I love Jered Weaver. You love Jered Weaver. Love only goes so far though. It is high time we set that love aside and admit what we’ve all known but been to ashamed to admit: Jered Weaver isn’t an ace anymore.
This has been something of a debate in the Angelsphere this year. Is Weaver the ace or Garrett Richards the ace? A lot of that answer depends on your definition of “ace.” But a lot of it is pretty cut and dry because the answer is definitely NOT Jered Weaver. So, really, it is just a debate about whether or not Richards clears the ace bar. But this isn’t about Richards, this is about Weaver and his fall from grace.
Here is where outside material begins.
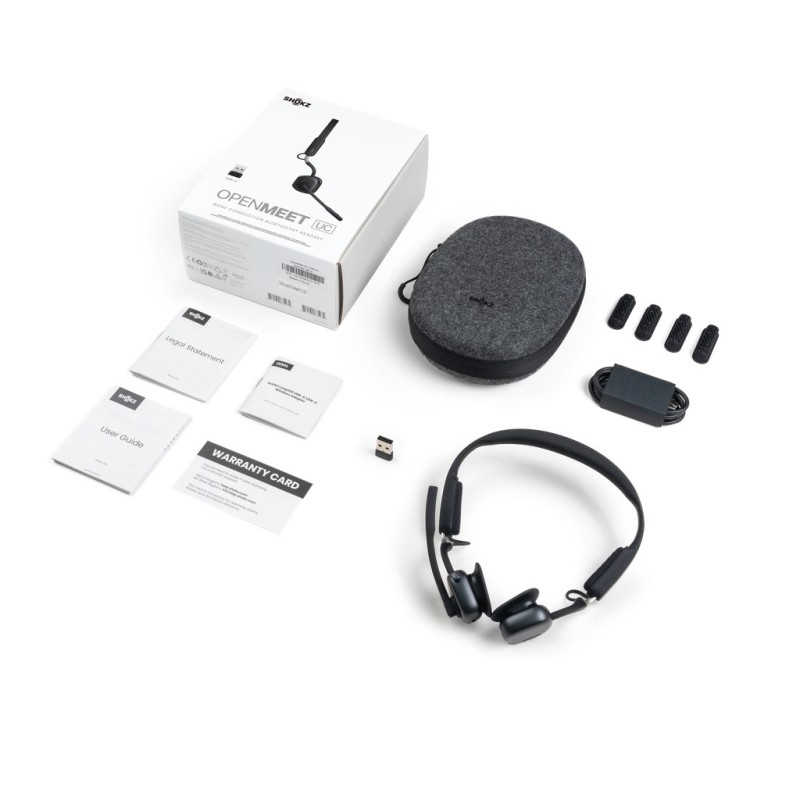 SHOKZ OpenMeet UC Wireless Bluetooth Bone Conduction Videoconferencing Headset with USB-A adapter SHOKZ OpenMeet UC Wireless Bluetooth Bone Conduction Videoconferencing Headset with USB-A adapter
We should have seen this coming. Some of us actually did see this coming but stuck their head in the sand because it was so too painful to acknowledge (/raises hand). Barring a suddenly dominant stretch to close out the season, this will be the third year in a row that his ERA has gone up. Same goes for his FIP, so he can’t even play the “unlucky ERA year card.” No, his ERA-FIP gap in 2014 of 0.54 is right on par with his career gap of 0.44. His BABIP, HR/FB% and strand rate are right at career norms as well. There is nothing abnormal going on for Weaver this year.
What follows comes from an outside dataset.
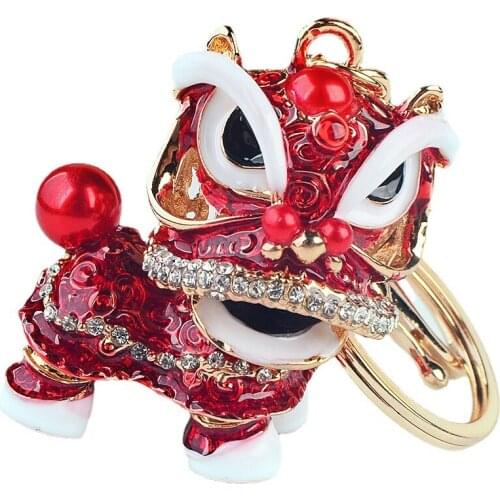 Chinese Traditional Festival Rotated Dance Lion Keychain Men Car Crystal Keyring Ethnic Lucky Mascot Key Holder Women Bag Decor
Well, except for him generally getting worse. The most obvious symptom of this is that his K% and BB% are going in opposite directions. His strikeout rate sits right at 18.0%, his lowest rate since 2007 and a far cry from his peak rate of 25.7%. Like his ERA, his K% has gotten worse every year since 2010. On the other side of the spectrum, Weaver’s walk rate of 7.7% is the worst mark of his career. For most pitchers, that’s a good rate, but relative to Jered, it stinks. His walk rate hasn’t been over 6.1% since 2009.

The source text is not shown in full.